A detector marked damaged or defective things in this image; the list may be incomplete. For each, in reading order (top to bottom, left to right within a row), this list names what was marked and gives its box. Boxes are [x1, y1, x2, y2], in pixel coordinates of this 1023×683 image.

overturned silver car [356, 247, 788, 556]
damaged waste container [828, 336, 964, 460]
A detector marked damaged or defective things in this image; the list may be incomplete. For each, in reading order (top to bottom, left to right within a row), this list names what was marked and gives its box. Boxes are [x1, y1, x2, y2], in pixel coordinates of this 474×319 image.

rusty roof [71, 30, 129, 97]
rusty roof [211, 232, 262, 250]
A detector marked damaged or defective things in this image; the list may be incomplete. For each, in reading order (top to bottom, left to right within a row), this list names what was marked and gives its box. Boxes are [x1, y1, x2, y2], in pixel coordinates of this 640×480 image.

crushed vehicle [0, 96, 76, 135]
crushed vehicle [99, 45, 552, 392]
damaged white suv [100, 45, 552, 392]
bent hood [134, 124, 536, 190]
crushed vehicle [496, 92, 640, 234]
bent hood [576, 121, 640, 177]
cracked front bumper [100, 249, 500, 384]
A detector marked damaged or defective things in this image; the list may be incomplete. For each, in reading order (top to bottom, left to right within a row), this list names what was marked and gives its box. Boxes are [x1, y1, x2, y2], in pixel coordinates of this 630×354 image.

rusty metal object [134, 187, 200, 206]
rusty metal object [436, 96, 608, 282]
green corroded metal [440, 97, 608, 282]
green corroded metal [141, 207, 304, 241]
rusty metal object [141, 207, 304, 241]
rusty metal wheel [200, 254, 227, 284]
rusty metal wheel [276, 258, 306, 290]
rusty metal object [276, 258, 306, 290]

# What is expected:
Copy out the lines from the line containing "this 630×354 image." to the end of the listing above, without alteration.

# Your solution:
A detector marked damaged or defective things in this image; the list may be incomplete. For each, in reading order (top to bottom, left to right within a row), this list names what was marked and gives its box. Boxes are [x1, y1, x2, y2], in pixel coordinates of this 630×354 image.

rusty metal object [134, 187, 200, 206]
rusty metal object [436, 96, 608, 282]
green corroded metal [440, 97, 608, 282]
green corroded metal [141, 207, 304, 241]
rusty metal object [141, 207, 304, 241]
rusty metal wheel [200, 254, 227, 284]
rusty metal wheel [276, 258, 306, 290]
rusty metal object [276, 258, 306, 290]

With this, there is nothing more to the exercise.